La collection Noir Rétro a réédité un des bons romans noirs d’André Héléna, “Le demi-sel”. Petit voyage dans le temps, retour dans le Paris des années 1950...
Balthazar est un marginal plutôt jeune, un voyou, buveur et peu courageux. Il est six heures du soir. Depuis neuf heures ce matin, son immeuble est surveillé. Pas par la police : “[un flic] n’aurait pas hésité. Il aurait grimpé l’escalier, frappé à la porte et, une main sur son revolver, il aurait exhibé sa carte.” Non, c’est un nommé Bob, complice du truand Scipioni, qui attend que Balthazar sorte. Ses adversaires ont donc retrouvé sa trace. Il n’a pas d’autre choix que d’éliminer Bob : “Le jeune homme leva son automatique, visa soigneusement. Au moment où l’autobus passait sous ses fenêtres, il tira. Il vit l’homme chanceler, porter les mains à sa poitrine, faire deux pas avant de s’écrouler dans le ruisseau.” Balthazar s’enfuit vers le centre de Paris.
Depuis qu’il a tué à juste titre Moreno, c’est déjà un homme traqué. Pourtant, Balthazar n’a pas une âme de criminel, juste de mauvaises fréquentations. La bande de Scipioni est à ses trousses. La police aussi ne tardera sans doute pas à le suspecter, à le pourchasser, estime Balthazar. Le hasard fait que deux autres membres du gang Scipioni sont abattus cette nuit-là. Flics et truands en arrivent à la même conclusion, il n’y aurait qu’un seul tueur. Scipioni s’inquiète : “Tout ce qu’il avait fait depuis deux ans avait été rasé en huit jours, même pas. Il avait eu six hommes sous la main, il lui en restait deux. Les quatre autres avaient été abattus par Balthazar (…) Un demi-sel, rien d’autre. Un petit paumé qui n’essayait même pas de jouer les gros bras. Et il les avait tous mis dans sa poche, cassé la baraque et démoli le gang.”

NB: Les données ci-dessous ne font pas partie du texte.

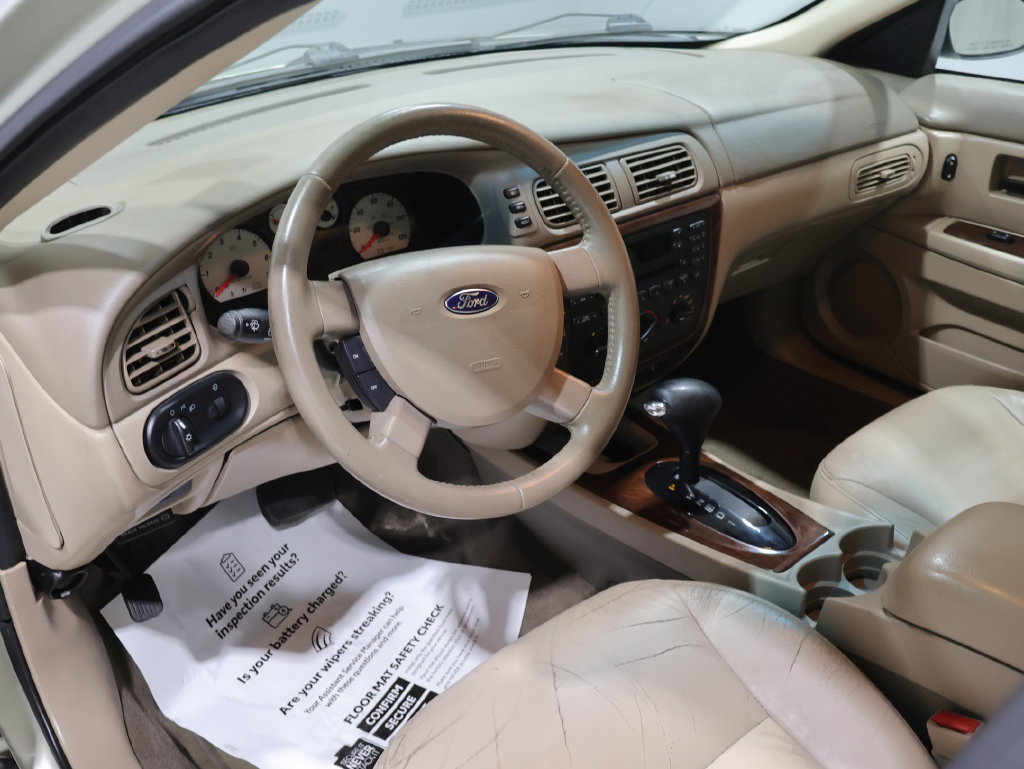 Used 2006 Ford Taurus SEL FWD image 23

Le commissaire Barral n’a pas tardé à faire le rapprochement entre Scipioni et cette série de meurtres. Pour le moment, l’Italien réussit encore à se dédouaner. Mais, tant que Balthazar est introuvable, il risque de gros ennuis. Balthazar poursuit sa cavale dans le Paris nocturne. Trouver de l’aide auprès de sa petite amie Gisèle ? Non seulement elle ne mesure pas la situation, mais elle pourrait encore aggraver les choses. D’ailleurs Gisèle ne rime pas avec fidèle. Il y a aussi Simone, cette jeune fille trop tendre que Balthazar protège dans ce bistrot mal famé. Quel miracle un homme aux abois tel que lui peut-il espérer ? Du côté de la bande de Scipioni, René et Nestor s’interrogent sur la suite. Risquer sa peau pour rattraper Balthazar, supposé extrêmement dangereux ? Ou plutôt se confier aux flics, négocier avec le commissaire Barral ? Le destin est en marche…

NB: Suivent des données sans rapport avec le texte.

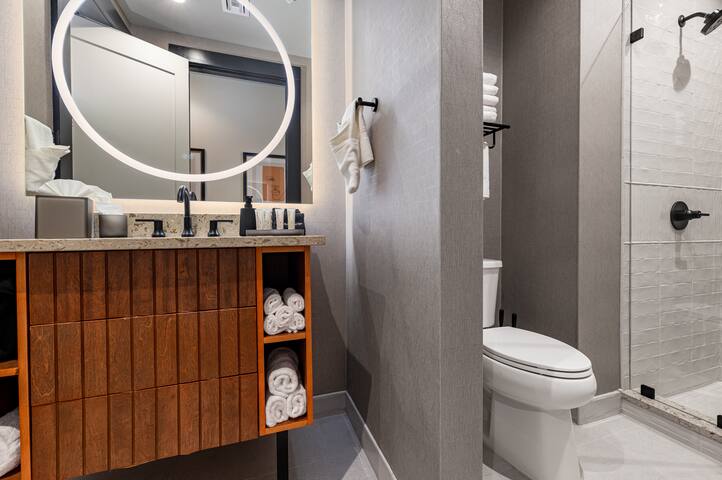 4BR Conjoined Group Unit on Canal St | The Mayfair gallery image 4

Le talent de romancier d’André Héléna (1919-1972) fut sous-estimé de son vivant. À l’époque, on le considère comme un besogneux, productif mais peu fiable. Jusqu’en 1955, il est exploité par des éditeurs douteux. Il écrit de nombreux romans, signés de son nom ou sous pseudonymes. Il s’agit d’histoires sombres, ayant pour héros des malfrats médiocres aux destinées fatales. La pègre y est présentée sans concession. Les intrigues sont simples et solides. La narration entraînante évite les fioritures, dans un langage direct. “Le demi-sel” est un des neufs romans de son cycle Les compagnons du destin (1952-53). Un des plus noirs de l’auteur, servi par une narration nerveuse. Son malheureux héros est placé sur une pente fatale jalonnée de cadavres. Il y a peu de chances que s’inverse le cours des évènements, même si l’auteur introduit un mince espoir. Un récit sombre à souhaits et une narration fluide, pour un roman qui méritait d’être réédité dans la collection Noir Rétro, aux éditions Plon.